Dividing Jackson’s large body of work between the four galleries wasn’t as difficult. Prairie Art Alliance received the 80-foot neighborhood Bronzeville to Harlem to coincide with the Route 66 Festival. The outdoor bronze-and-steel “Travels of My Seven Sisters” found a home on the grass in the center of the UIS campus. The large sculpture “The Dark Freighter” and 23 castings comprised by Fresh from Julieanne’s Garden are displayed at ISM including five brand-new pieces Jackson brought in the week the exhibition was installed. The remaining pieces will be exhibited at the UIS Visual Arts Gallery. The Springfield Art Association’s high ceilings were a perfect fit with Jackson’s paintings and welded pieces.

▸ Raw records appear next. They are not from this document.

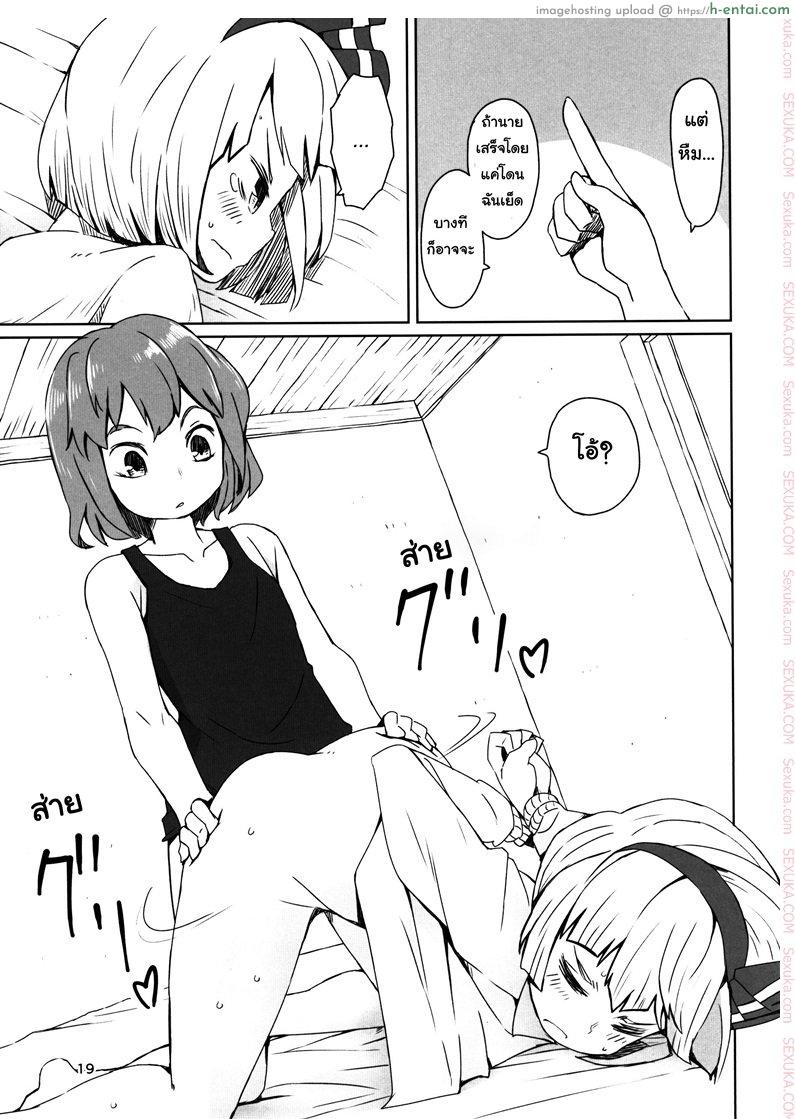 สวนก้น คนทำสวน - แผ่น 18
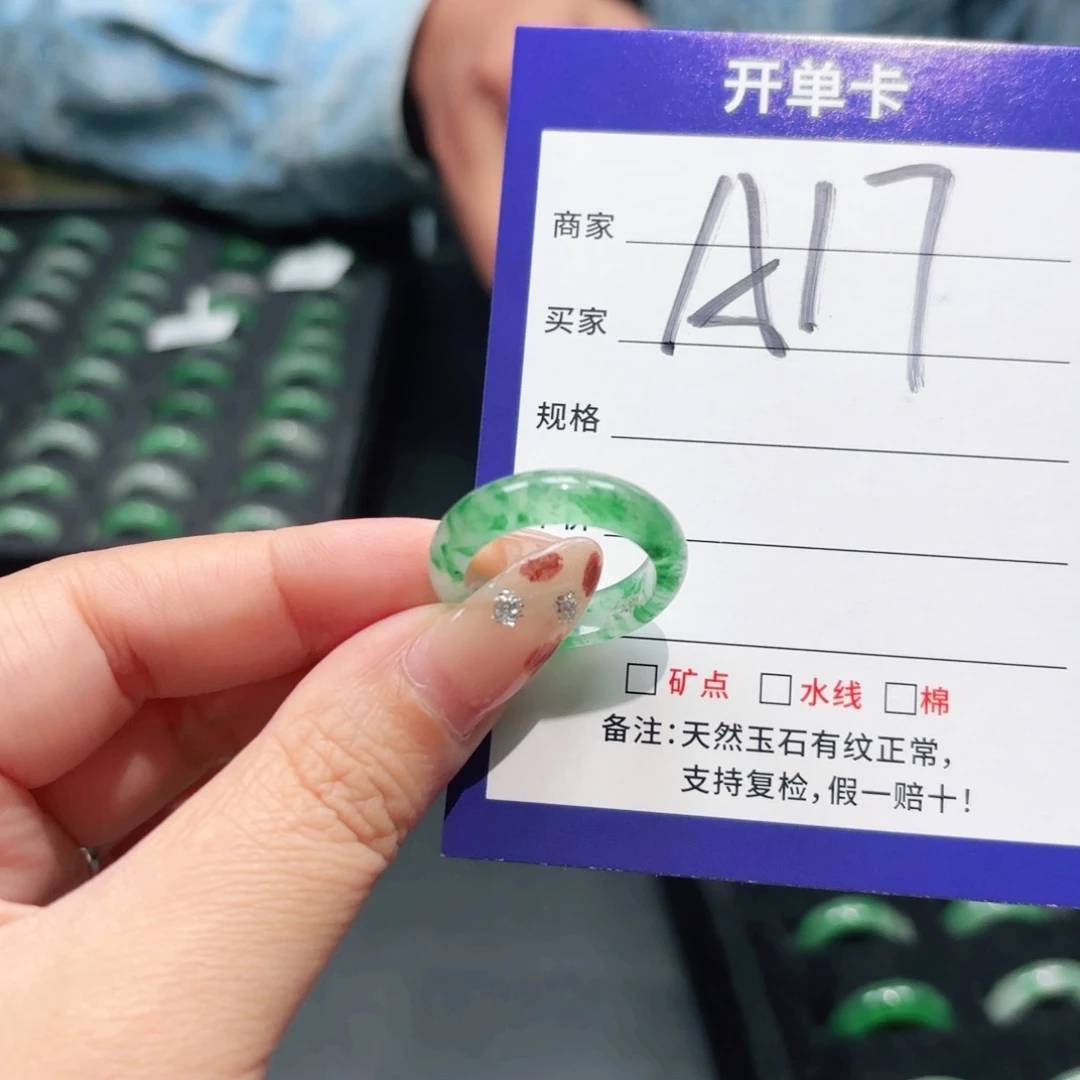 石英质玉未镶嵌戒指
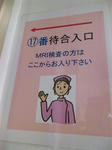 2011081001.jpg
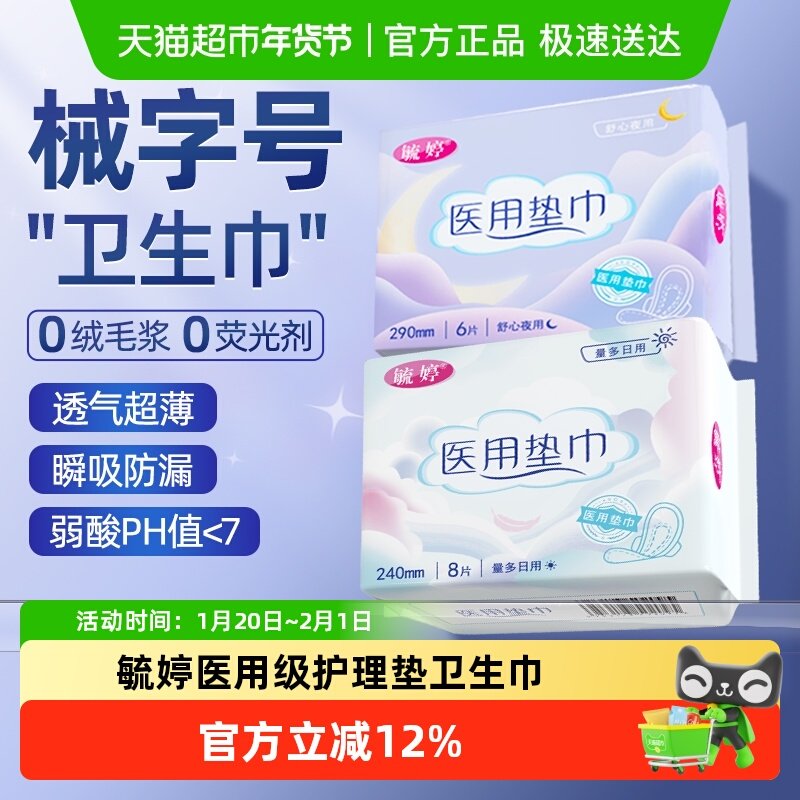 毓婷医用级护理垫卫生巾日用夜用姨妈巾女产妇产后专用垫巾械字号,医疗器械,医用妇科护垫,淘宝优惠券,粉丝福利购,淘宝优惠卷
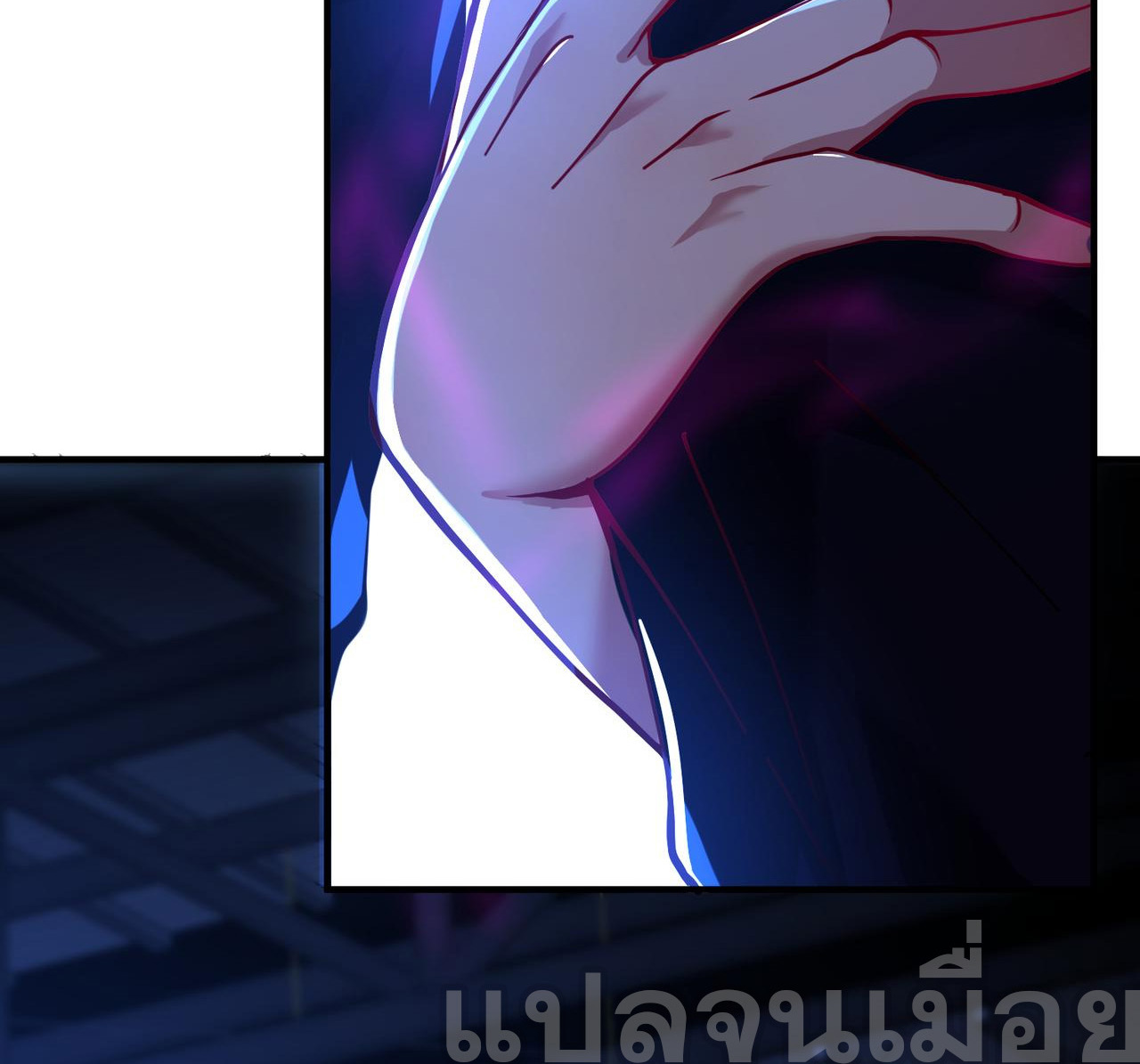 แฟนของผมทั้งสวยและรวยมาก ตอนที่ 29 หน้า 8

“It was kind of easy, because there are four bodies of work with Preston,” Dunfee says. “After we started looking at things, it started to sift itself out.”
Shortly after the original foundation was laid and schedules were matched, community members began building on the idea.
Mayor Tim Davlin threw City Hall’s support behind the effort, and an advisory committee of power players in the African-American community was quickly formed. Headed by Rudy Davenport, former head of the Springfield chapter of the NAACP, the group includes entrepreneur Mike Pittman; Ald. Frank McNeil; Chris Miller, UIS vice chancellor of student affairs; and Dr. Wes McNeese, president of the Springfield Ministerial Alliance. The group’s primary mission was to spread the word.
“I think Rudy [Davenport] said it well: ‘This is an artist of national representation, and we want to welcome him to town in a way that befits his stature,’ ” Miller says.
The energy surrounding the nationally recognized artist’s Springfield endeavor is infectious. The art community has finally rallied together, along with inhabitants of the city — a testament to Jackson’s universal appeal.
“His work is timeless. I think Preston has a way of speaking across cultural lines. He’s exploring the African-American experience from slave ships to the great migration,” Dunfee says. “He’s pretty courageous. His work is beautiful, and I think it’s accessible to everyone.”
The progressive opening for Bearing Witness: The Art of Preston Jackson begins at 4 p.m. Saturday, Sept. 9, with a reception at UIS and other events at the Springfield Art Association, 700 N. Fourth St.; the Prairie Art Alliance, 420 S. Sixth St.; and the Illinois State Museum, 502 S. Spring St. For additional details, see our Calendar listings. The exhibition ends Oct. 28.